Reimagining the American dream: critical perspectives by Francophone voices

This study examines the success and failure of French-speaking immigrants in the U.S. due to factors such as class, gender, and identity politics as represented in literature and cinema. The select authors for this thesis actively reimagine the American Dream, breaking free from the limitations of capitalist rhetoric that asserts the Dream is only attainable through material prosperity and hard work. By challenging this notion and exploring alternative possibilities, they seek to decolonize the Dream and create a vision of success that is more equitable and inclusive.

Joel Akinwumi

L’oubli et ses enjeux dans les littératures africaine et antillaise / Forgetting and its implications in African and Caribbean literatures

This dissertation unravels the protean nature, operation, and socio-cultural implications of forgetting in connection with the representation of the historical phenomena of the past, key among which are the Middle Passage, Transatlantic Slave Trade and Colonialism.
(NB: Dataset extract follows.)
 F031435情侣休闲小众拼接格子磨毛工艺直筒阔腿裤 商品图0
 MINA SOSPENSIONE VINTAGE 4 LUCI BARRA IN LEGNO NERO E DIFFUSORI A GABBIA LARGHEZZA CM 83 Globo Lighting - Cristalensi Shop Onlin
Critical attention is paid to how forgetting derives from discursive practices and subtly imposed political and insidious ideologies. As an inevitable force, forgetting is often construed as the obverse face of memory and consequently as a kind of amnesia or dysfunction. Breaking away from this postulation, my research demonstrates that forgetting is not just a denial of memory but a peculiar modality of processing traumatic historical experiences.

PhD in Hispanic Studies

José Ricardo García Martínez

Letters of blood and fire: writing and accumulation in Latin America, from the chronicles of the Indies to the present

This is a study of Latin American literary production, the role of writers and intellectuals, and the relationship between writing, the market, and power. At the core of this dissertation is the argument that accumulation has to be produced, and that it builds on what I term cumulation. That is, accumulation is not simply a matter of amassing things (whether material objects, possessions, or words) or piling them up; that would be mere cumulation—I say “mere” cumulation, but it requires its own procedures of (often violent or traumatic) transport and collection. But for cumulation to become accumulation, there has to be some way to count what has been amassed, thereby also to make it count, to accord it value. Using a heterogeneous framework that includes Marxism, post-structuralism, and Affect Theory, I argue that the transformation from cumulation to accumulation, as depicted in Cortés’s Letters, is exhausted.